Effectiveness-NTU method (b) - Calculate the effectiveness

Next, we determine the effectiveness \((\varepsilon)\) of the heat exchanger using the inlet and outlet temperatures of the cold and hot fluids: \(\varepsilon = \dfrac{T_{c,out} - T_{c,in}}{T_{h,in} - T_{c,in}}\) Substituting the values, we get: \(\varepsilon = \dfrac{80 - 20}{120 - 20} = 0.6\).

Effectiveness-NTU method (b) - Calculate the NTU

Now, we calculate the Number of Transfer Units (NTU) for a counterflow double-pipe heat exchanger using the formula: \(NTU = \dfrac{\sqrt{1 + 4(\varepsilon^2)/(1-\varepsilon)^2} - 1}{2}\) Substituting the effectiveness, we get: \(NTU = \dfrac{\sqrt{1 + 4(0.6^2)/(1-0.6)^2} - 1}{2} \approx 1.203\).

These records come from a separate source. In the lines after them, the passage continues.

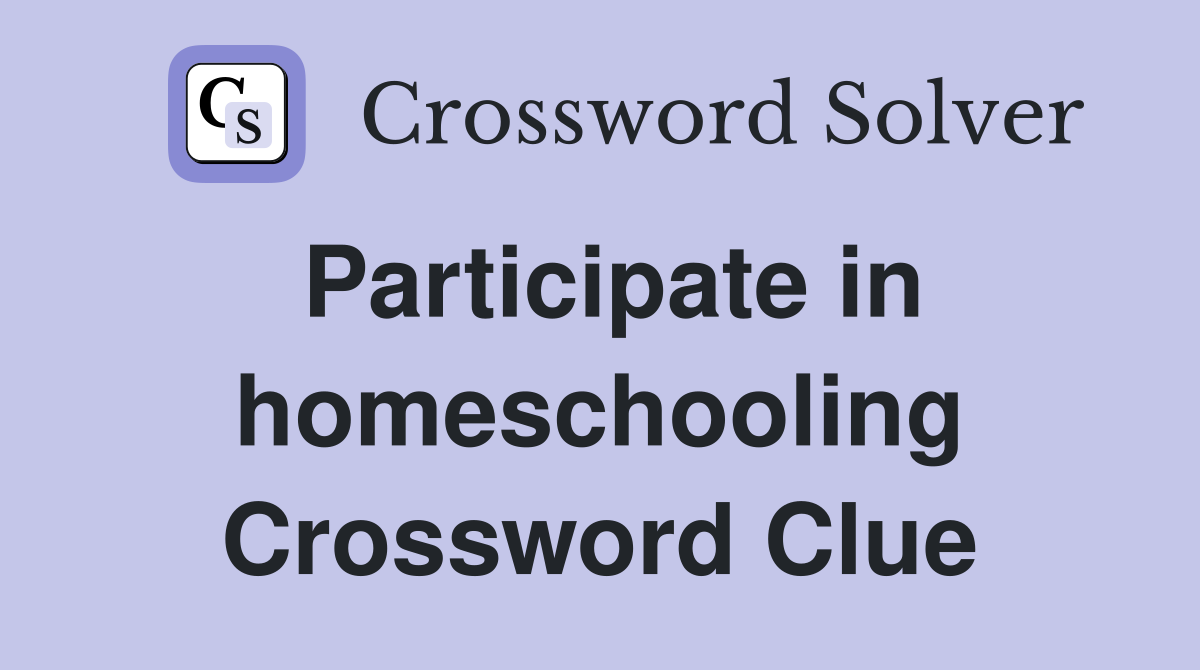 Participate in homeschooling Crossword Clue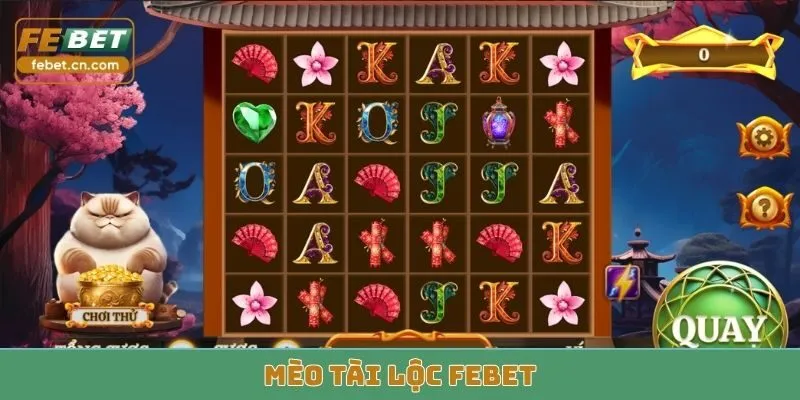 Mèo Tài Lộc Febet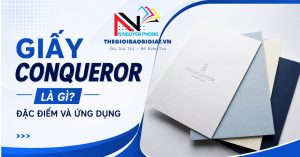 Giấy Conqueror Là Gì Đặc Điểm Và Ứng Dụng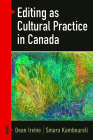 Editing as Cultural Practice in Canada (Transcanada) Cover Image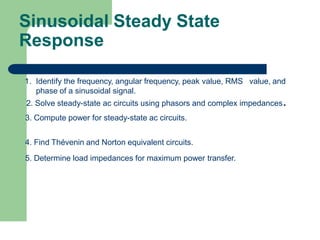 Sinusoidal Steady State
Response
1. Identify the frequency, angular frequency, peak value, RMS value, and
phase of a sinusoidal signal.
2. Solve steady-state ac circuits using phasors and complex impedances.
3. Compute power for steady-state ac circuits.
4. Find Thévenin and Norton equivalent circuits.
5. Determine load impedances for maximum power transfer.
 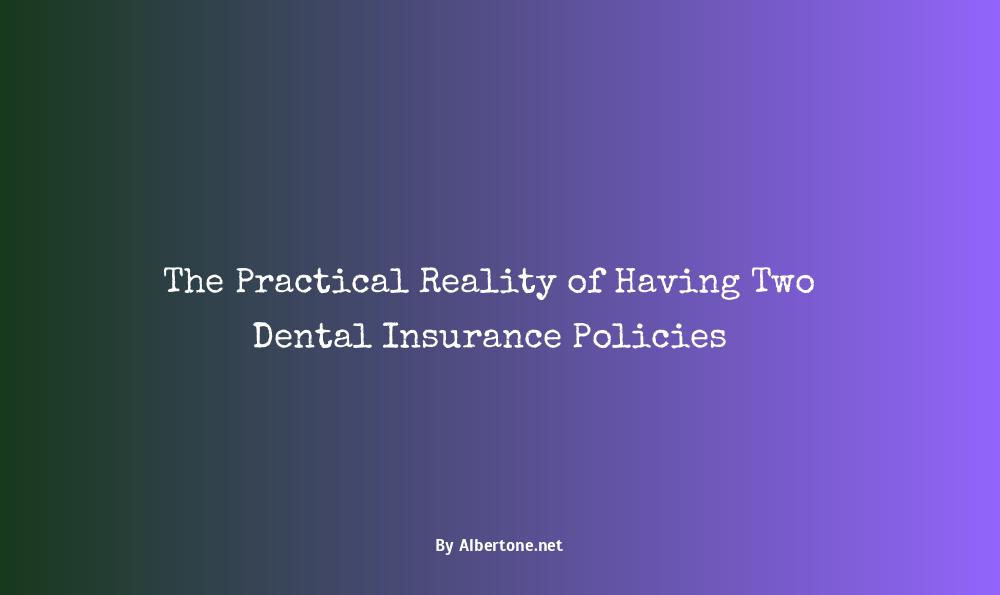 can you have two dental insurances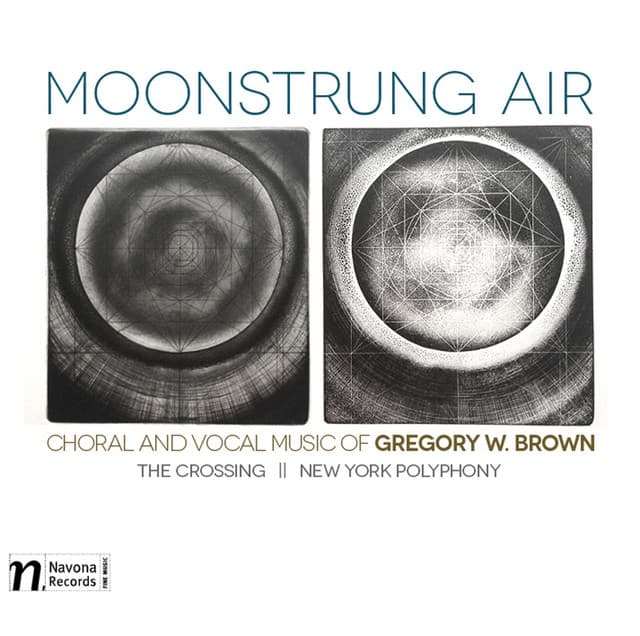 Gregory W. Brown: Moonstrung Air - Gregory W. Brown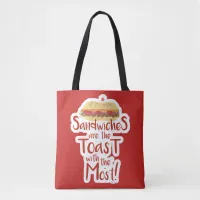 So Funny Sandwich Slogan Toast Most Epic Tote Bag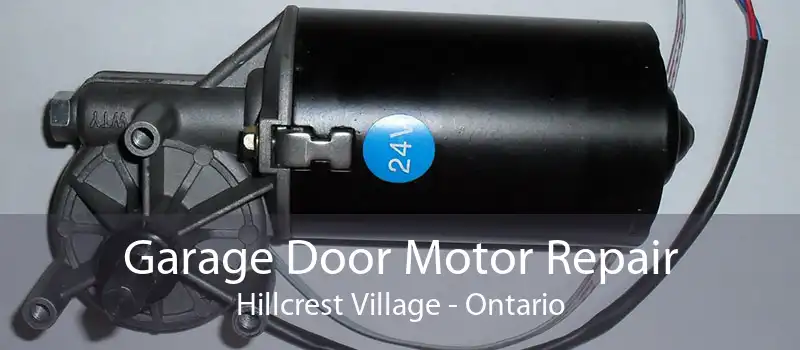Garage Door Motor Repair Hillcrest Village - Ontario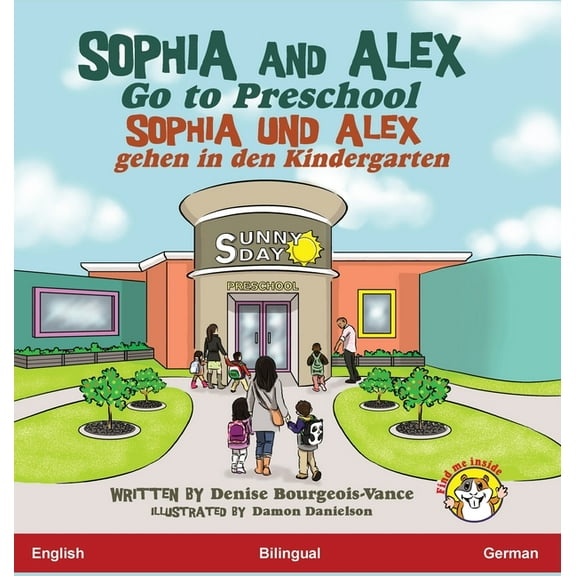 Sophia and Alex / Sophia Und Alex Sophia and Alex Go to Preschool: Sophia und Alex gehen in den Kindergarten, Book 1, (Hardcover)
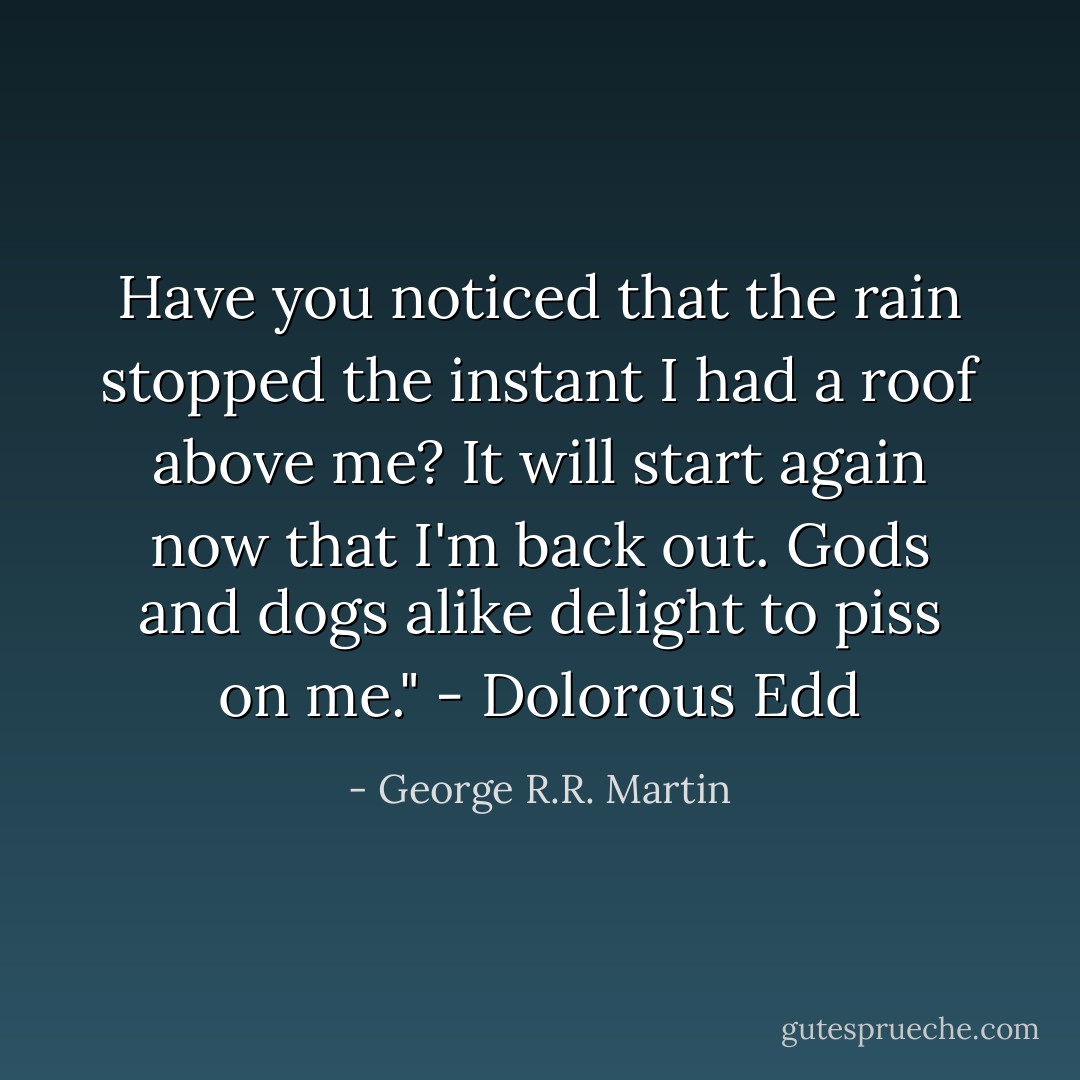 Have you noticed that the rain stopped the instant I had a roof above me? It will start again now that I'm back out. Gods and dogs alike delight to piss on me." - Dolorous Edd - George R.R. Martin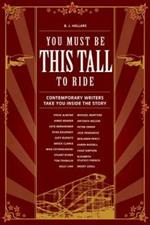 You Must be This Tall to Ride: Contemporary Writers Take You Inside the Story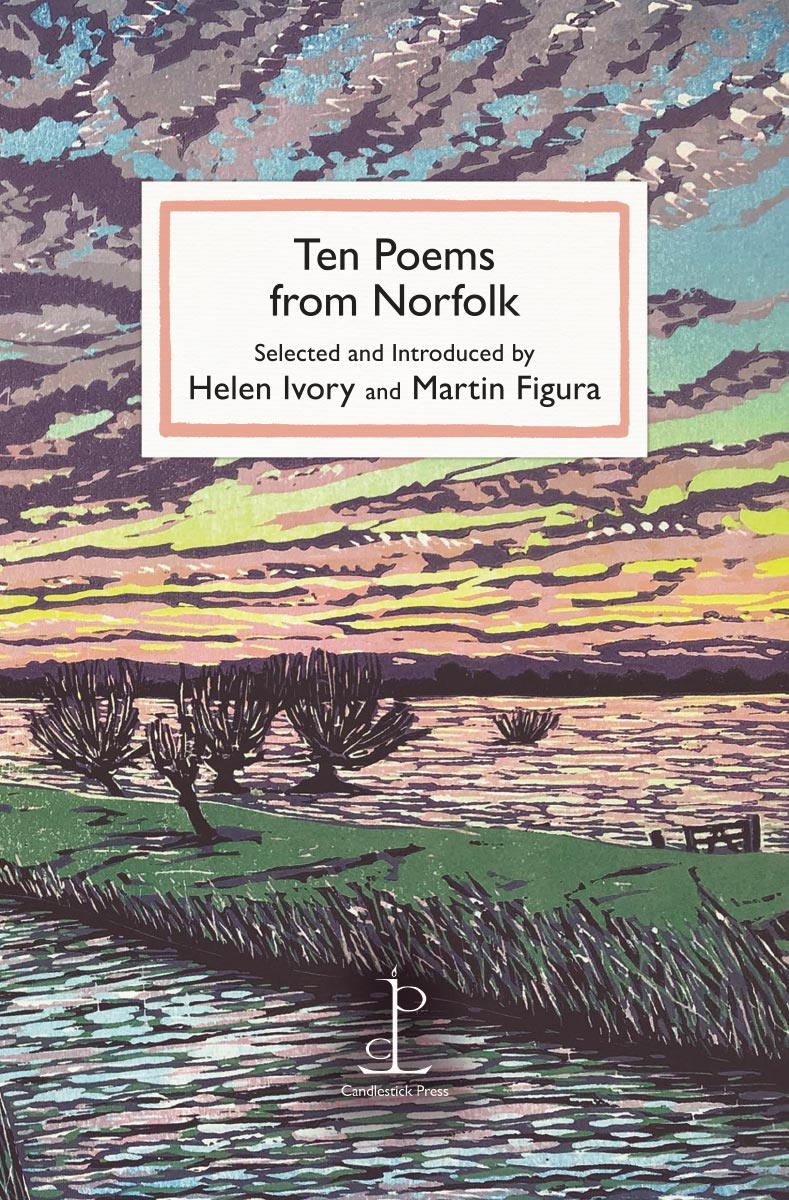 Ten Poems from Norfolk - Helen Ivory | Martin Figura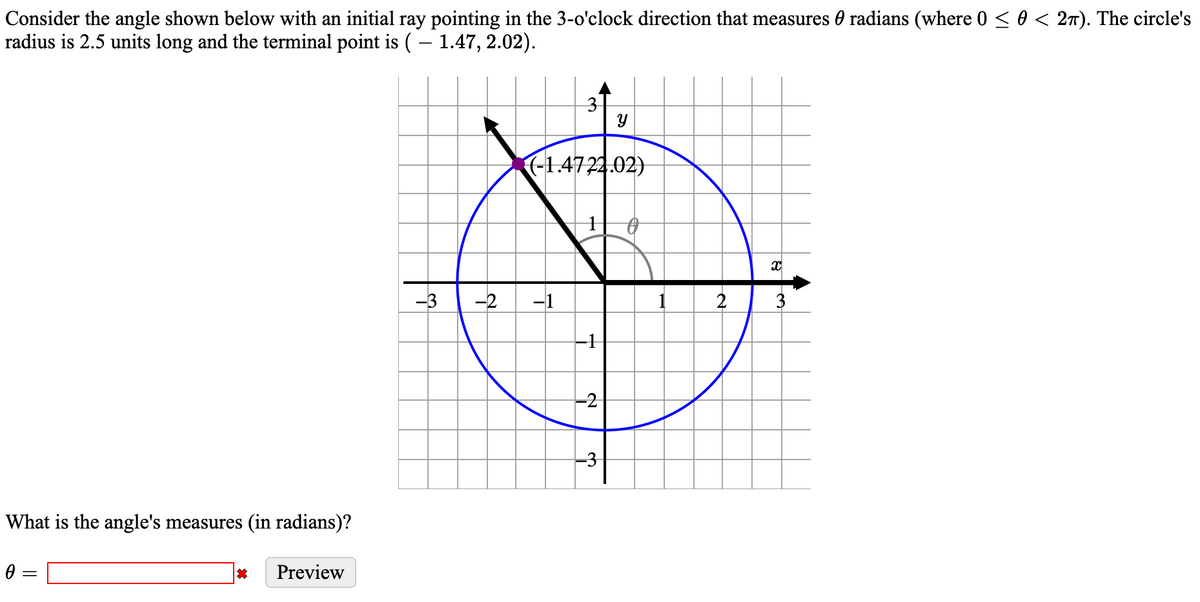 Consider the angle shown below with an initial ray pointing in the 3-o'clock direction that measures 0 radians (where 0 < 0 < 2T). The circle's
radius is 2.5 units long and the terminal point is ( – 1.47, 2.02).
3
(-1,4722.02)
-3
-2
-1
2
3
-1
-3
What is the angle's measures (in radians)?
Preview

Effectiveness-NTU method (b) - Calculate the heat transfer area required

Using the NTU and capacity rate of the water, we can now find the heat transfer area required: \(A = \dfrac{NTU \cdot C_{min}}{U}\) Substituting the values, we get: \(A = \dfrac{(1.203)(9196 \mathrm{W/K})}{(700 \mathrm{W/m^{2} \cdot K})} \approx 1.5731 \mathrm{m^2}\).

Effectiveness-NTU method (b) - Calculate the tube length required

Lastly, as before, we use the internal diameter of the pipe to calculate the tube length required: \(L = \dfrac{A}{\pi D_{i}}\) Plugging in the values, we get: \(L = \dfrac{1.5731 \mathrm{m^2}}{(3.1416)(0.025 \mathrm{m})} = 20.02 \mathrm{m}\). Hence, for the effectiveness-NTU method, a tube length of approximately \(20.02 \mathrm{m}\) is required. In conclusion, a tube length of approximately \(19.97 \mathrm{m}\) as per the LMTD method and \(20.02 \mathrm{m}\) based on the effectiveness-NTU method is required to heat the water to the desired temperature.